EANY Statement on Historic EPA Action to Address Toxic PFAS in Drinking Water

Albany, NY – On Wednesday April 10, the US Environmental Protection Agency (EPA) finalized the first-ever federal limits on toxic PFAS in drinking water. The regulations published today require water utilities nationwide to test for six PFAS chemicals and clean up their drinking water if harmful levels are detected.

PFAS are a class of over 9,000 man-made chemicals whose widespread use by industries and in consumer products has led to significant pollution in New York and across the nation. Also known as “forever chemicals,” PFAS persist in the environment, build up in the human body, and are highly toxic, with exposure linked to thyroid disease, kidney and testicular cancer, high cholesterol, preeclampsia, and many other harmful health effects.
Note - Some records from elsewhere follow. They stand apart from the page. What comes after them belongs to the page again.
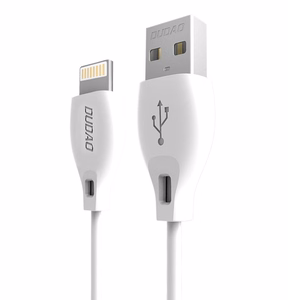 Dudao USB / Lightning -kaapeli 2.4A 1m valkoinen (L4L 1m white)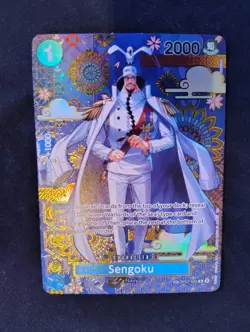 Sengoku (SP) OP07-046 One Piece TCG The Azure Sea’s Seven Foil - Image 2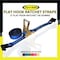 Tie 4 Safe 2'' x 40' Ratchet Tie Downs w/ Flat Hook WLL: 3,333 lbs. Blue RT04C-540-M11N-BU-C-1 - alternate 4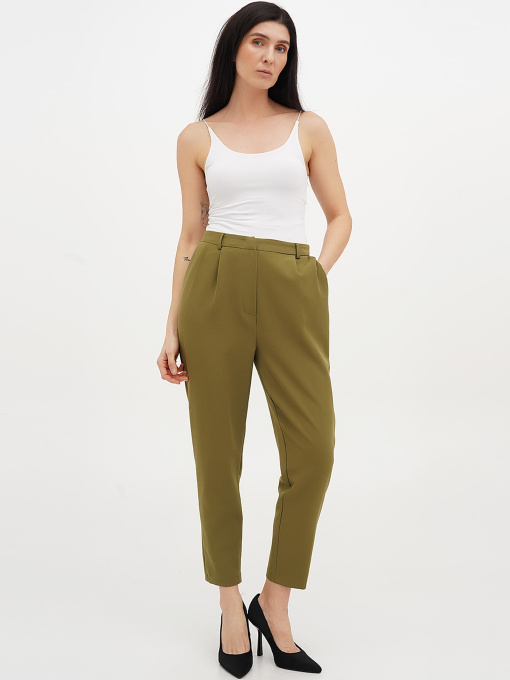 Брюки повседневные Vicolo модель 221-VC-4122_хаки Фото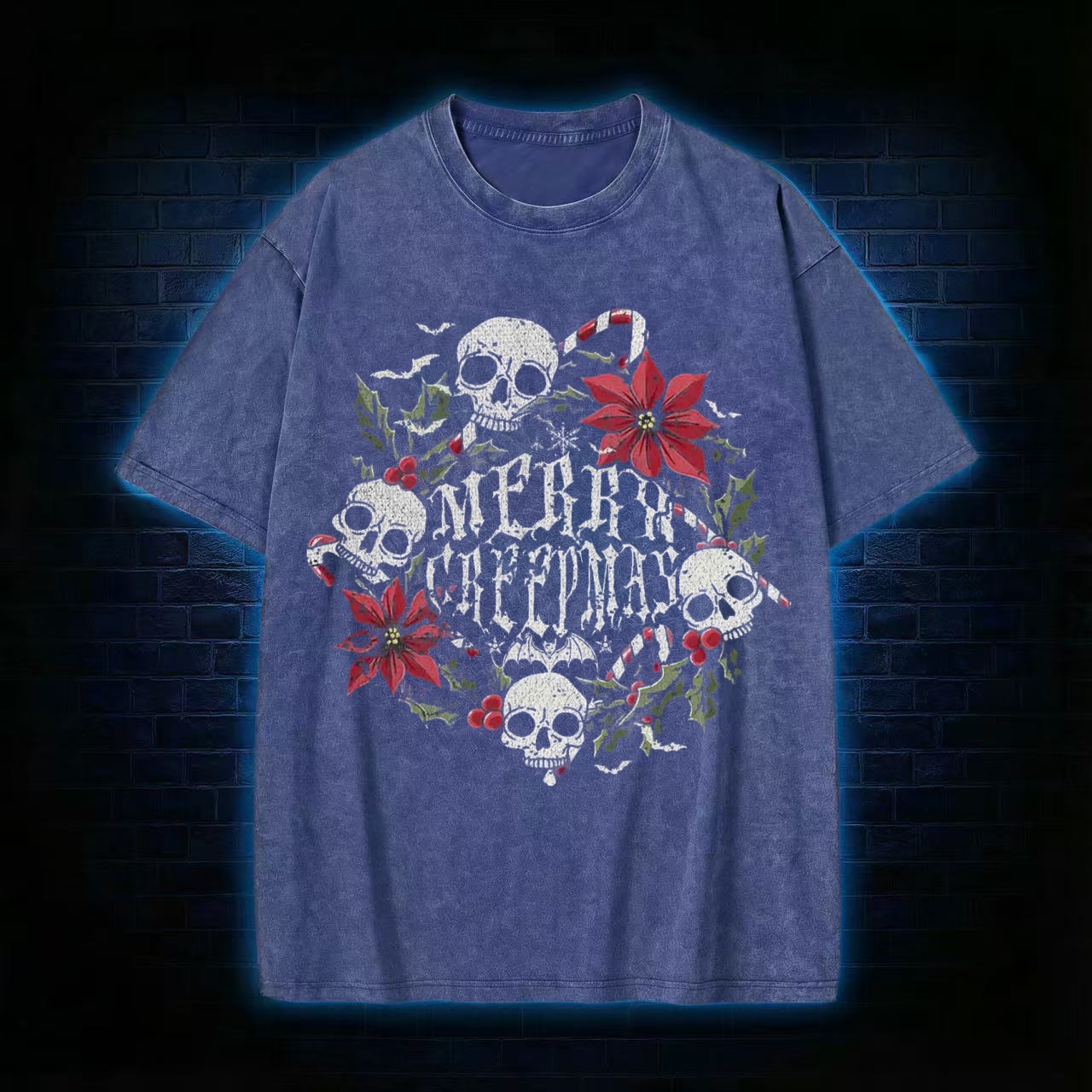 Merry Creepmas Washed T-shirt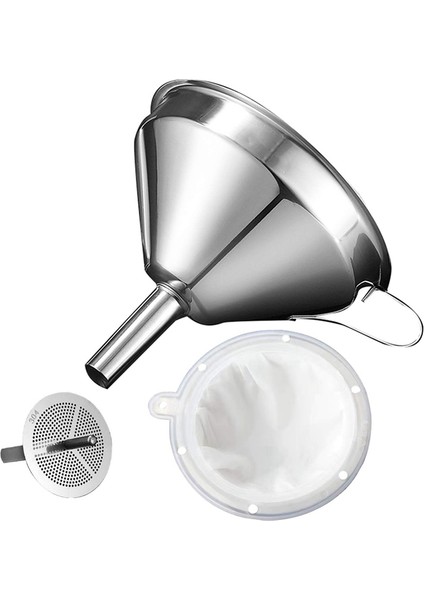 Yağ Için 200 Mesh Gıda Filtresi Süzgeci ile 5.1 Inç Mutfak Hunisi (Yurt Dışından)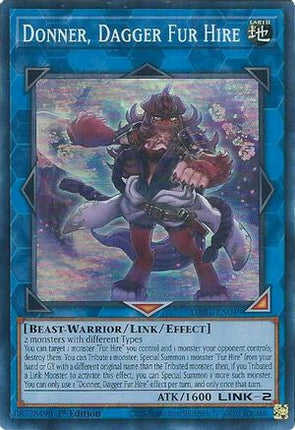 Donner, Dagger Fur Hire (Super Rare) [DABL-EN049] 1st Edition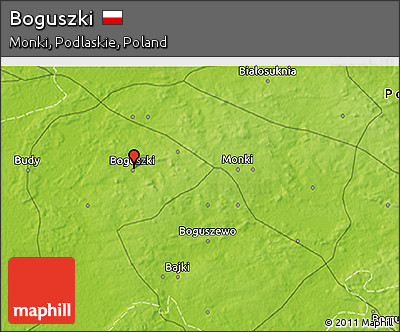 Physical 3D Map of Boguszki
The following statement can be attributed to Rob Hayes, Director of Clean Water with Environmental Advocates NY:

“We are thrilled by the Biden administration’s historic action to protect New Yorkers from the hazards of PFAS exposure. Nearly a decade has passed since the water crises in Hoosick Falls, Newburgh, and elsewhere in New York opened our eyes to the dangers of these forever chemicals. The advocacy of these communities and so many others led directly to this victory today. EPA’s new drinking water standards will lead to cleaner water, healthier families, and stronger communities across the state.

New York has been a leader in tackling the PFAS crisis, and that leadership is still needed. Given our head start, Governor Hochul and the NYS Department of Health should implement these regulations immediately, ensuring that water utilities clean up contamination on a faster timeline than EPA is requiring. DOH should also move forward with Notifications Levels on close to two dozen additional PFAS recommended by the NYS Drinking Water Quality Council last November. This will provide critical transparency about New Yorkers’ exposure to a wider range of PFAS when they turn on the tap.”
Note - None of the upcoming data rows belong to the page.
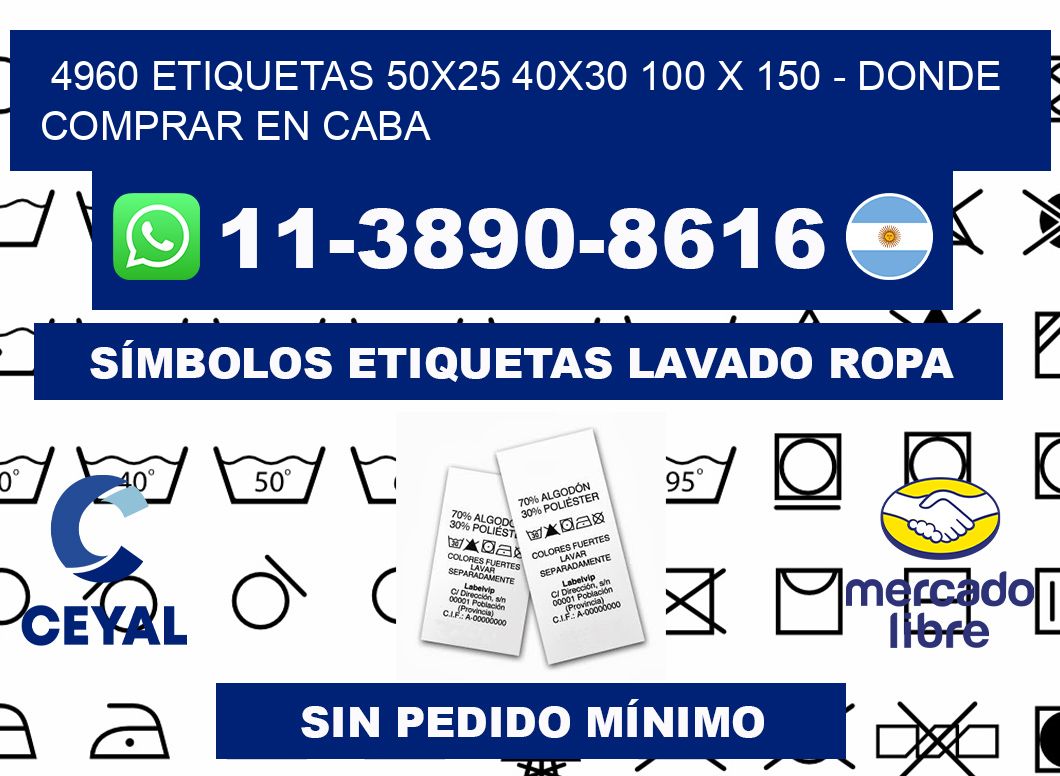 4960 etiquetas 50x25 40x30 100 x 150 - Donde Comprar en Caba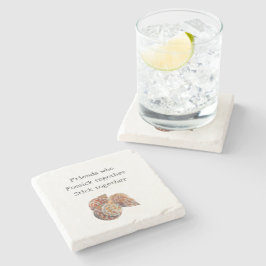 Posavasos De Piedra Marinas/Fossicantes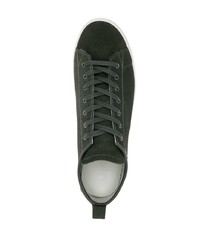 Мужские темно-зеленые замшевые низкие кеды от PS Paul Smith
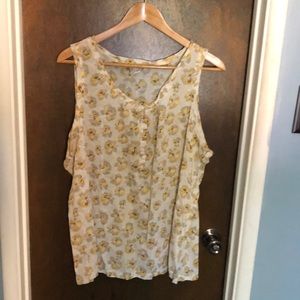 Yellow Old Navy top. EUC.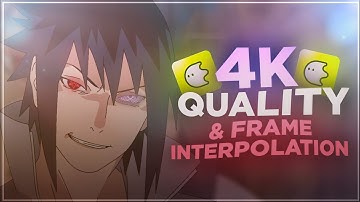 4K QUALITY & FRAME INTERPOLATION ON MOBILE | BLURRR APP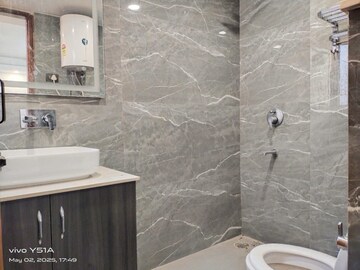 Bathroom in 3 BHK Builder Floor at Shanti Kunj – for Rent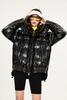 Women's Laser Shiny Thickened Loose Medium-length Down Jacket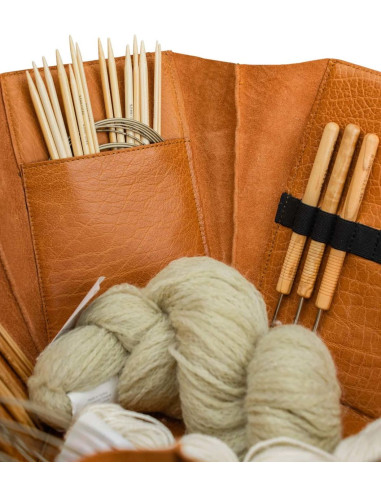 Grote naaidoos en handwerkdoos Muud Evita XL - Whisky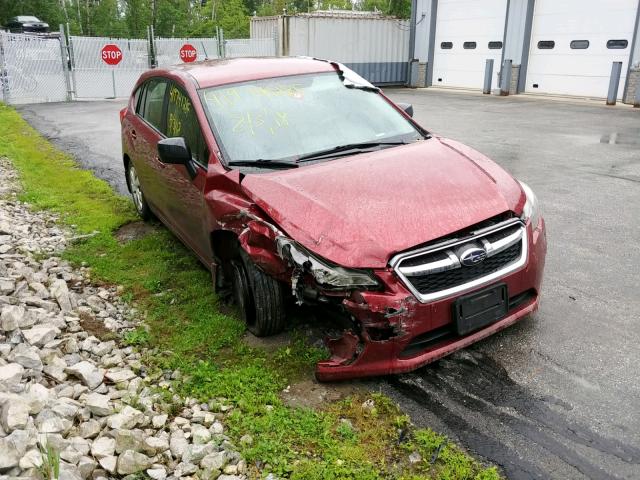 JF1GPAA64D2893230 - 2013 SUBARU IMPREZA BA RED photo 1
Details of EPA’s Regulations and Implications for New York State:

EPA has established Maximum Contaminant Levels (MCLs) of 4 parts per trillion (ppt) each for PFOA and PFOS. If a water utility detects PFOA or PFOS above its MCL, it is required to install treatment technology or identify a new water source to reduce the public’s exposure. Since EPA determined that there is no safe level of exposure to PFOA or PFOS, the MCLs are the lowest levels that EPA believed could be reliably detected.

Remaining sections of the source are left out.